Open tomjridge opened 2 years ago
@tomjridge any news on that ?
I think @icristescu interacted with them. I don't think I saw anything further on the slack channels I'm signed up to. I guess if it is a problem they will raise an issue on tezos issues. So perhaps we can close this for now.
After checking the latest tezos issues, this may be related: https://gitlab.com/tezos/tezos/-/issues/3249
There is an initial report by @vishakh on tezos slack #general on Jun 2. This does not include the "Kind.of_magic" log line. In the thread conversation Alexander Eichhorn posts a similar report about a node "stuck for several hours" which does contain the "Kind.of_magic" error. That is the message I copied in the initial issue description above. User vishakh then opened tezos issue 3249.

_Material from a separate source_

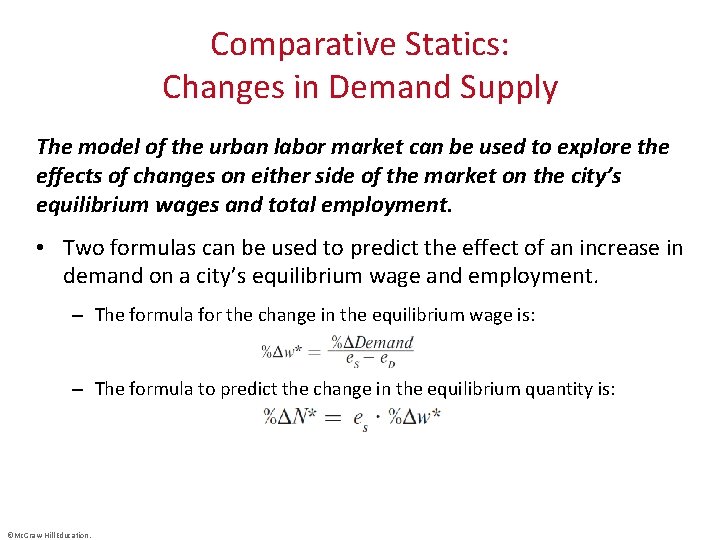 Comparative Statics: Changes in Demand Supply The model of the urban labor market can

Just a quick comment: the Kind.of_magic error fails because it reads a "0" byte, and this does not correspond to any of the object tags we use. One way this can happen is if there is a crash whilst appending data. A weak model of writing to the end of a file is that the file is first extended to the correct length, and filled with 0 bytes. Then the actual data is written over the 0 bytes. If there is a crash between the point the file is extended, and the point the data actually makes it to disk, there can be 0 bytes at the end of the file.
This model is described here: https://tom-ridge.blogspot.com/2022/07/a-model-of-file-update.html
(This isn't just a made up ad-hoc model - this is the "standard" mental model people use I believe when working with files.)

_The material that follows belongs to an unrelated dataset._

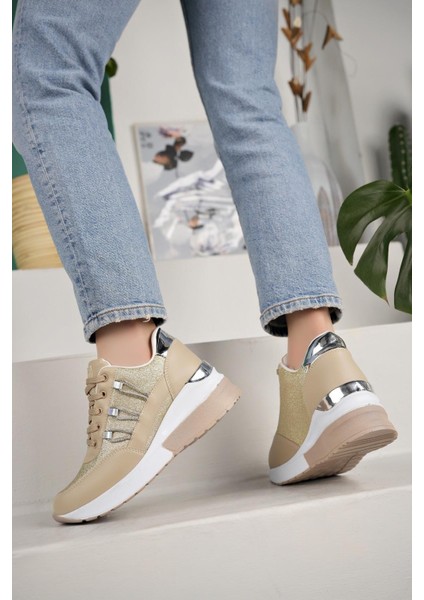 Kadın Taşlı Rahat Kalıp Topuklu Spor Ayakkabı modelleri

Of course, it could also be due to some other reason, e.g. some bad code writes a zero byte at the wrong offset for example.
https://app.slack.com/client/T59LZHQ11/C596FGNUR/thread/C596FGNUR-1654186374.376829
From that link:
Looks like we also have one v13.0 node with a strange error that I haven't seen before:
The node was stuck for several hours. The problem did not go away after a simple restart. I then deleted peers.json and even the identity file, but after reconnect to one of our other nodes the problem did not go away.